Every entry is to be returned exactly as it stands; the pictures are to be dropped.

Records for processing section start

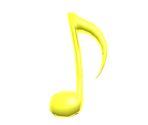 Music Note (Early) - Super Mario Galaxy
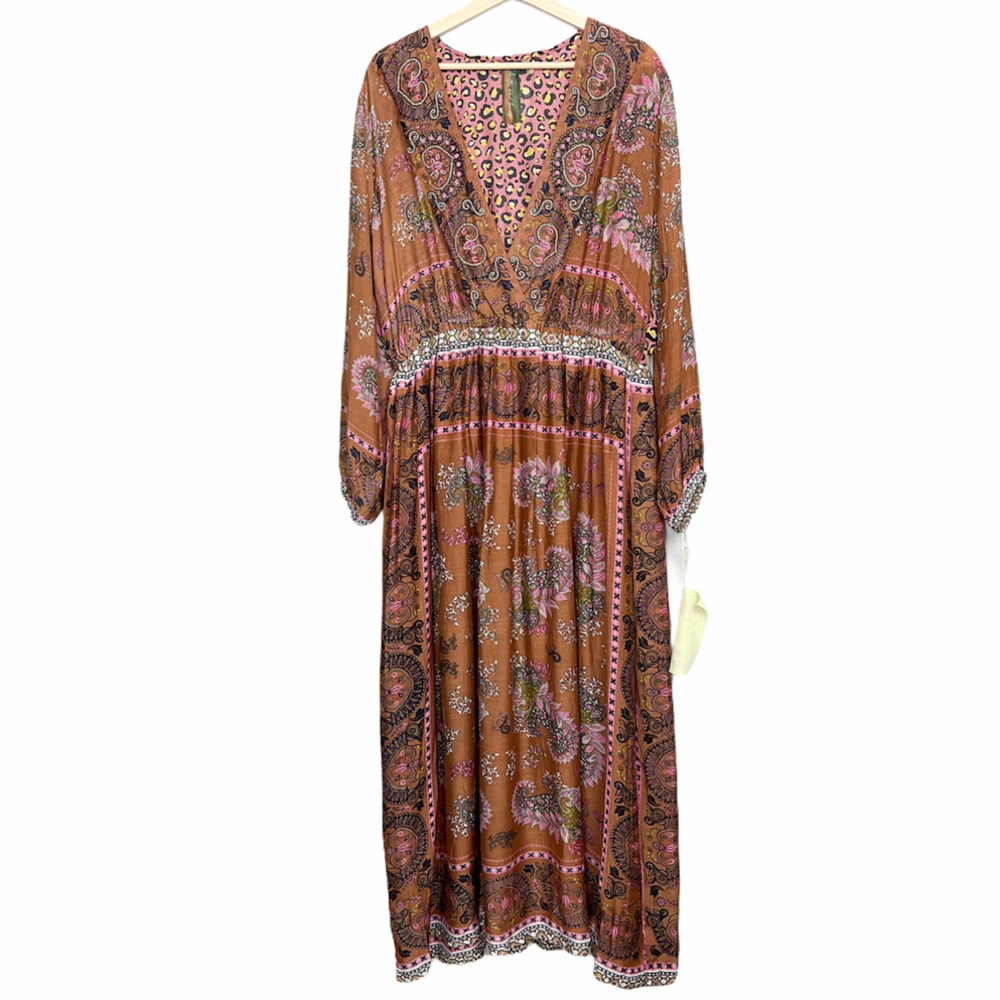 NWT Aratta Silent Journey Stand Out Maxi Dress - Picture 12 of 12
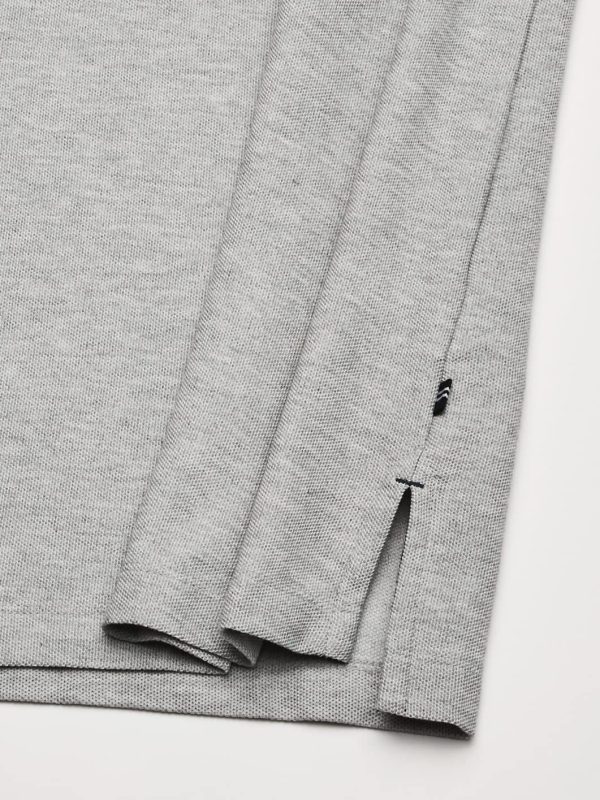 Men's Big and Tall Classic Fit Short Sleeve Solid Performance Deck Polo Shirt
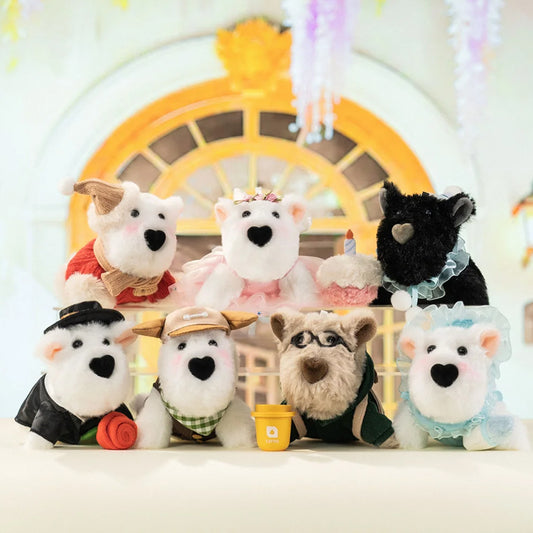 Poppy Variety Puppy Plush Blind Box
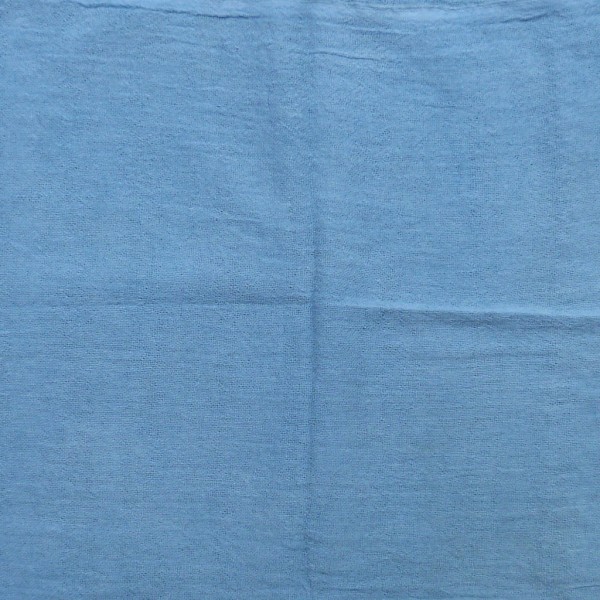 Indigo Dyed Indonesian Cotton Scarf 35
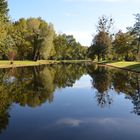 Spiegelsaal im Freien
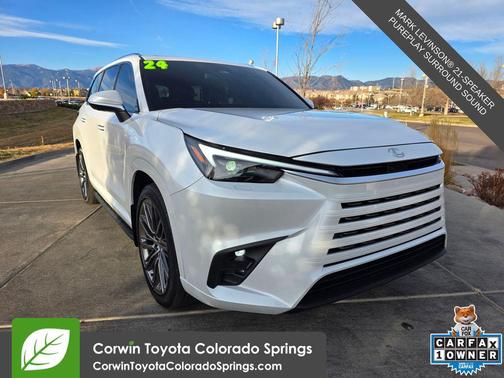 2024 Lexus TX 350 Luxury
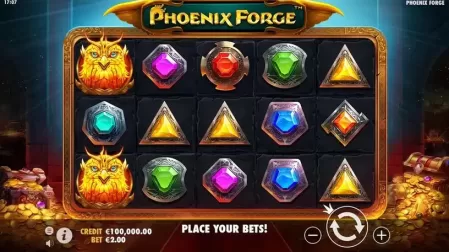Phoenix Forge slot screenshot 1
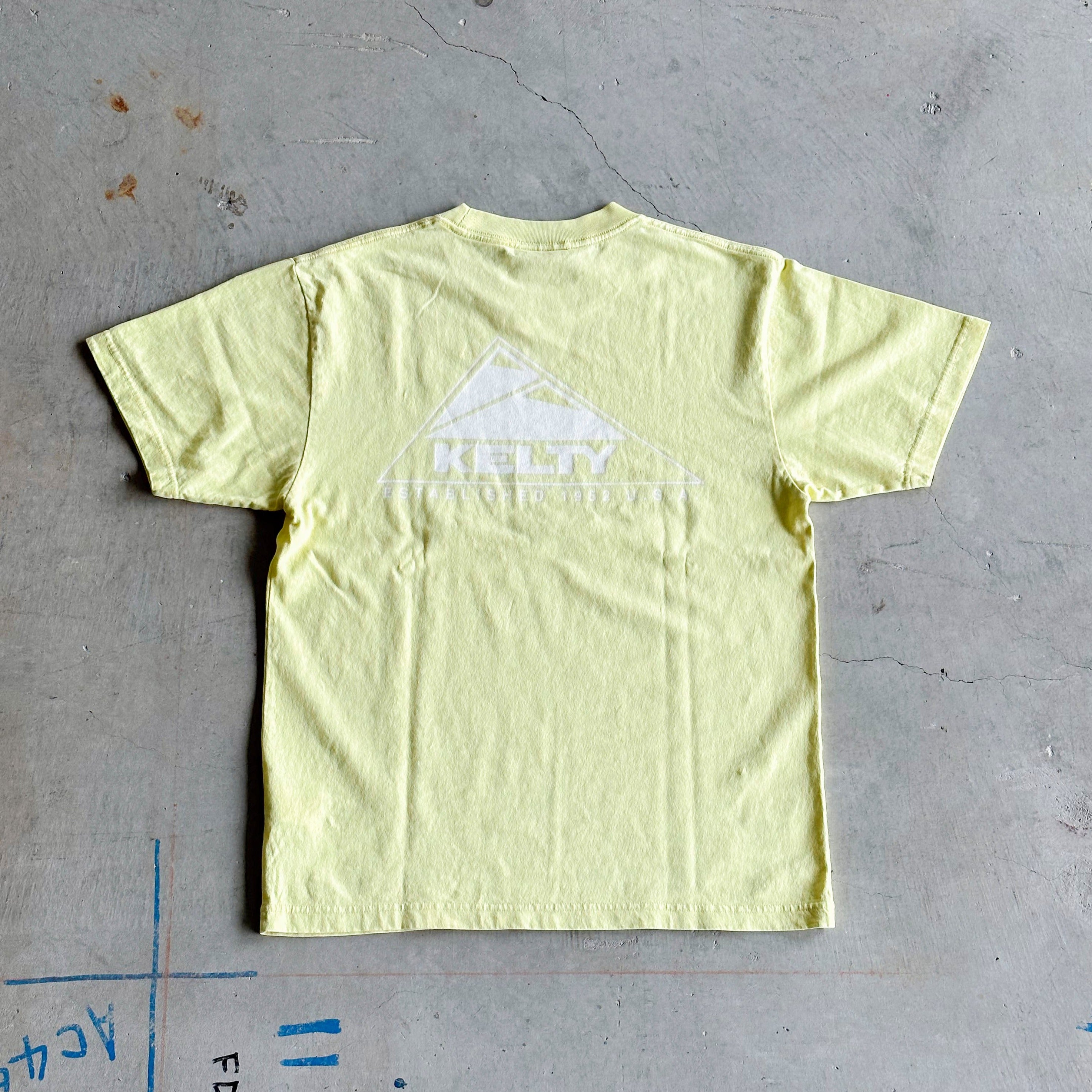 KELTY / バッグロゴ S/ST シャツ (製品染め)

Records for processing section end

** Reply **
 Music Note (Early) - Super Mario Galaxy
 NWT Aratta Silent Journey Stand Out Maxi Dress - Picture 12 of 12
 Men's Big and Tall Classic Fit Short Sleeve Solid Performance Deck Polo Shirt
 Poppy Variety Puppy Plush Blind Box
 Indigo Dyed Indonesian Cotton Scarf 35
 Spiegelsaal im Freien
 2024 Lexus TX 350 Luxury
Phoenix Forge slot screenshot 1
 KELTY / バッグロゴ S/ST シャツ (製品染め)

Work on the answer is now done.